A few of the posts here smack of the he cheated on you because you MADE him do it mentality and I don't buy that. Yes, we are in this together, and I am certainly not abdicating my level of responsibility in this situation. But I won't....won't....take full responsibility because I have not "been attending to his needs". That's archaic.

Just a few points...

He never followed through by helping around the house, at all, which to me says though he verbally "supported" me, he didn't follow through with much else,

These are certainly not "new friends",

I never, ever walked in the door and demand things return to the way they were, nor did I "neglect" the relationship. All of the spare time I had (which wasn't much) went to him. When he had time for me.

And things...um...haven't worked out for us..I'm perplexed by this statement.

I'm a little confused by the posts that are attacking me for not being "supportive of my man," so to speak, after working two-part time jobs and attending school for the past three years....just where, when and how was I supposed to do this...isn't it a two-way street? I mean, I'm getting the impression I should be at the door holding his slippers every evening...I am not a stay-at-home wife. I love and support him, but if he'd like a cocker spaniel, then oh-BOY did he get the wrong girl

A few of the posts here smack of the he cheated on you because you MADE him do it mentality and I don't buy that. Yes, we are in this together, and I am certainly not abdicating my level of responsibility in this situation. But I won't....won't....take full responsibility because I have not "been attending to his needs". That's archaic.

You've misinterpreted my post. I'm not saying you should be at his beck and call, or that you weren't fulfilling your "womanly duties" or whathaveyou. And I'm not sayihg you didn't do the right thing for yourself at the time, or that you shouldn't have taken on so much of a burden over the past couple years.

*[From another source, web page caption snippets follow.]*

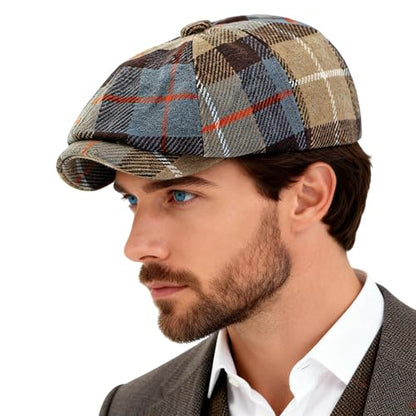 Men's Faux Woolen Tweed Plaid Ivy Cabbie Gatsby Newsboy Golf Paperboy Hat Cap - color: Khaki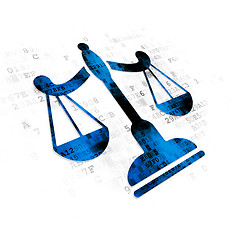 Image showing Law concept: Scales on Digital background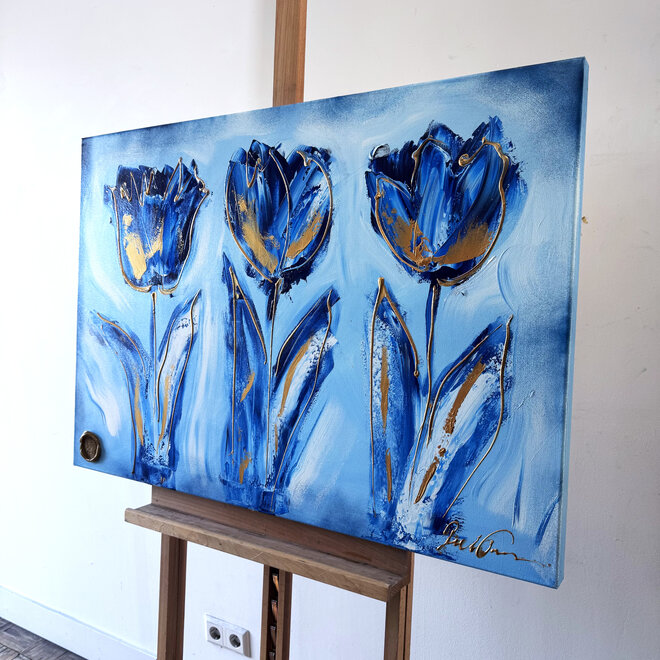 Painting  - 70x100 cm - Rick Triest  - Contemporary tulip composition #5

All I am saying is that the past couple years could have put a strain on the relationship and on him, and that you should put some more effort into working on returning the relationship to it's former state. It won't happen overnight, but so long as he isn't cheating on you (and if he were you should leave him immediately), there is plenty of chance to save the relationship.

As far as housework is concerned, did you ever discuss this with him? Or did you begrudgingly take up all those duties while muttering under your breath about what he -should- be doing? Having a dialogue about the issue might help wonders... Or then again you might find out he was just looking for someone to replace his mommy.

In any event, if you want to save the relationship, and think it's worth saving, you have to work at it. If you don't think it's worth it, then leave. Nursing/Medical school can do this to a lot of relationships... Perhaps now that you've finished you need to take a step back and reevaluate things.